Tembang yang penuh dengan metafora ini diawali dengan lirik “Lir ilir lir ilir tandure wus sumilir” yang artinya “Sayup-sayup tanaman mulai bersemi”, seperti berseminya Islam di tanah Jawa. Tak Ijo royo-royo. Tak sengguh tamanten anyar; warna tanaman itu hijau seperti hijaunya simbol Islam. Sedemikian hijaunya tanaman itu seperti pengantin baru. Pemeluk Islam di Jawa masih sangat hijau dan awam ibarat pengantin baru yang memulai mahligai bahtera rumah tangga. Cah angon cah angon penekna blimbing kuwi; anak-anak penggembala, panjatlah pohon blimbing itu. Seorang pemimpin kesultanan Demak adalah para penggembala (al-imam ra’in), sehingga para Wali Songo meminta bantuan mereka untuk memanjat buah blimbing yang diibaratkan dengan tugas penyebaran syariat Islam. Blimbing adalah buah yang memiliki lima sisi sehingga secara simbolis sama seperti jumlah rukun Islam yang ada lima; syahadat, shalat, zakat, puasa, dan haji.

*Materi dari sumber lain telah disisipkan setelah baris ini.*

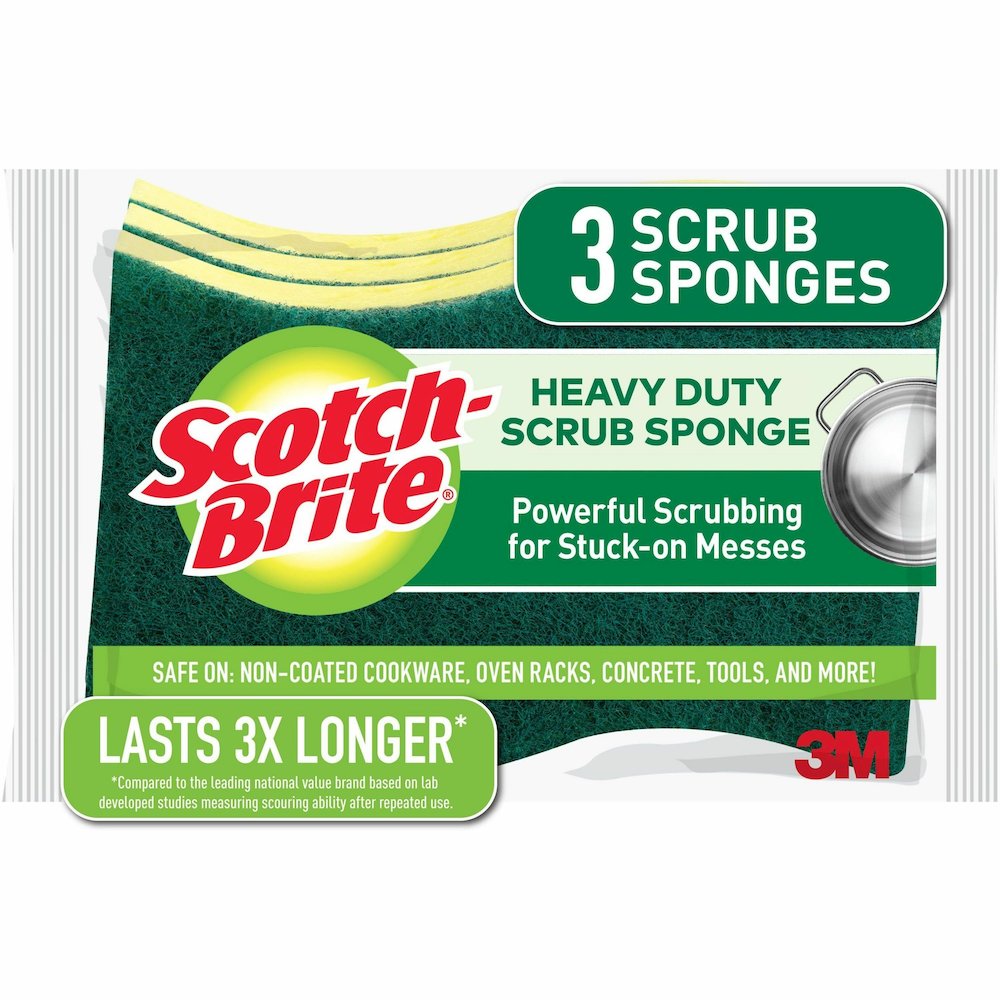 Scotch-Brite Heavy-Duty Scrub Sponges - 2.8" Height x 4.5" Width x 4.5" Length x 590 mil Thickness - 3/Pack - 8 / Carton - Yellow, Green. Picture 3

Lunyu lunyu penekna kanggo mbasuh dodotira; meskipun licin, teruslah memanjat untuk mencuci pakaianmu. Meskipun banyak rintangan, teruslah menyebarkan syariat untuk mencuci ragamu dengan aturan-aturannya. Dodotira dodotira kumintir bedah ing pinggir. Dondomana jrumatana kanggo seba mengko sore. Mumpung padang rembulane. Mumpung jembar kalangane; jahitlah pakaianmu yang sobek, jahitlah untuk menghadap Tuhan nanti sore (hari Kiamat). Mumpung masih ada kesempatan.

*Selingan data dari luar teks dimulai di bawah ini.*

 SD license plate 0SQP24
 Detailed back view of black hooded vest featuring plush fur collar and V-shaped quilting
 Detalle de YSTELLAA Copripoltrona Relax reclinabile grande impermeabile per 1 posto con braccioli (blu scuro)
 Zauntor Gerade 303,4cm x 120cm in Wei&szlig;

Implementasi rukun Islam di Jawa belumlah maksimal, sehingga perlu dioptimalkan. Shalat yang sejatinya berfungsi mengendalikan kerusakan sosial (tanha ‘an fakhsyai wa al-munkar) belum dijalankan secara baik. Jika pun dilaksanakan, shalat hanya dipahami sebagai ritual simbolis-formalistik belaka tanpa mempunyai fungsi sosial yang positif, sehingga tak heran jika banyak orang menjalankan shalat tetapi masih melakukan korupsi, menjadi mafia pajak, dan melakukan kekerasan atas nama agama. Zakat juga belum maksimal sehingga belum mampu mengentaskan kemiskinan di Indonesia. Puasa Ramadhan—yang diproyeksikan untuk melatih solidaritas sosial—belum membuahkan hasil yang diharapkan. Bukannya solidaritas sosial yang didapat, justru umat Islam cenderung terjebak dalam tindakan-tindakan anarkisme dan main hakim sendiri. Haji yang awalnya adalah “wisata historis-religius” direduksi hanya menjadi kendaraan untuk memperoleh posisi sosial yang lebih terhormat. Kurang optimalnya peran sosial agama Islam ini disebabkan oleh pemaknaan dan penghayatan agama yang dangkal. Hal ini membuktikan bahwa nalar Islam Jawa masih dalam fase “ijo royo-royo”, yakni fase hijau dan awam yang terjebak pada formalisme belaka.
Sun suraka surak hiyo; sambutlah ajakan ini dengan seruan “Ayo”. Sayangnya, belakangan ini seruan “Ayo” diganti oleh kalangan Islam radikal dengan pekikan suara keras “Allahu Akbar” penuh emosi, tanpa ketulusan dan kadang justru untuk menakut-nakuti. Teriakan “ayo” seyogyanya dipahami secara filosofis dengan cara mengoptimalkan fungsi sosial syahadat, shalat, zakat, puasa, dan haji. Jika syahadat mampu menciptakan keimanan penuh kebebasan, shalat mampu menjaga stabilitas sosial, zakat mampu mengentaskan kemiskinan, puasa mampu membangun solidaritas sosial, dan haji menjadi ajang musyawarah international kaum muslimin dalam rangka perdamaian global, maka ini adalah tanda bahwa fase ijo royo-royo sudah terlewati. Dalam konteks inilah kita perlu mentransformasikan nalar Islam Jawa dari formalisme menuju penghayatan yang lebih substantifistik terhadap “sejatining makno agomo” atau the true meaning of religion.